Hornsby: I just finished painting graphics on my nephews’ skateboards. There’s a rooster fighting a cobra on one board, and stencils of Chinese-style dragons spinning around in circles on the other.
I’m working on developing a comic/photography/art book called Paradise Manifesto. In this revolutionary tale the world is a terrible unjust place. These activists and revolutionaries see the world and all its injustice. They fight to break down the machinery of greed, war, capitalism, and the prison industrial complex by creating pamphlet called the Paradise Manifesto, for others to read, hoping to remove the scales from blinded eyes. Whoever reads this pamphlet finds truth. But there’s a struggle between those who are trying to get the pamphlet out there and others who want to stop them. There will also be giant, talking animals haha.

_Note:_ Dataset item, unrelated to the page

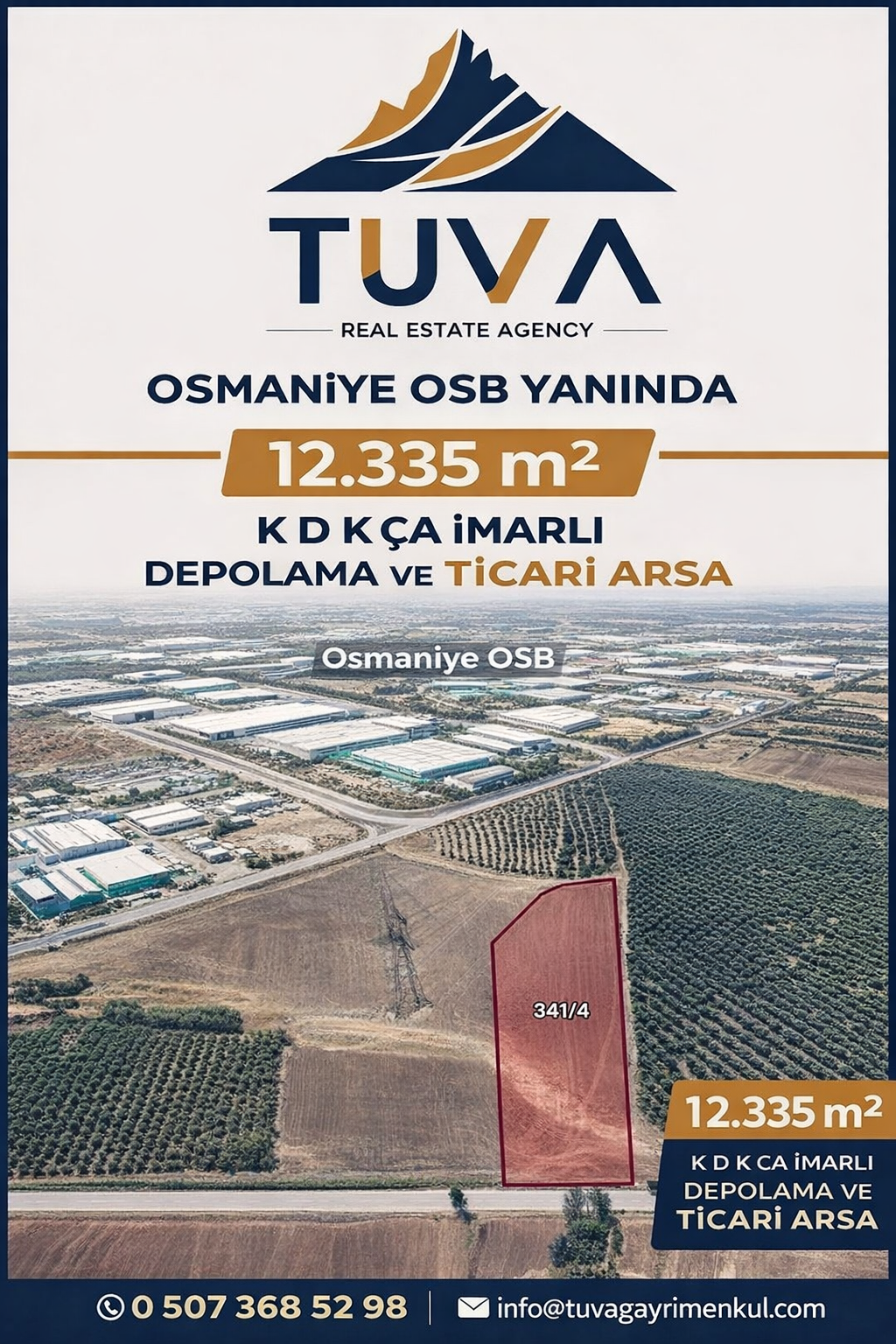 TUVA GAYRİMENKUL OSB YANINDA TİCARİ ARSA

I’m wrapping up the artwork for a children’s book, written by a friend, Miss Sherry, called “Down by the River.” It’s about this little boy sitting by a stream and day dreaming about castles in the sky, hippos, frogs landing on his head, and other silly things.
I also just started to lead park tours as a little side gig. So if anyone needs a tour guide I’m your man.
CJF: Why is social justice important to you? And how do you reflect that in your work?
Hornsby: Everybody deserves justice. Martin Luther King Jr. said there can be freedom no where if there’s in justice anywhere. And that’s so true. Think about the poor kids making sneakers in china, those children need to be free as much as those falsely accused in prison. Ensuring social justice for the American people should be our nation’s number one priority above making profit. It must be the number one function of society.
I want to do more political arts. My Paradise Manifesto is just the beginning. I’m down for raising hell and bringing something new to the table that inspires social and cultural change and provocative thought.
CJF: What brings you the most joy?
Hornsby: My family—my two brothers and three sisters (and their husbands), mama and papa, the babies (nieces, nephews, cousins). In Florida, there’s close to 80 extended fam and that’s not including the family in other states
CJF: And what do you want to go down history known for?
Hornsby: Saving the human race from an asteroid or from alien invasion.
INTERVIEW HAS BEEN CONDENSED AND EDITED.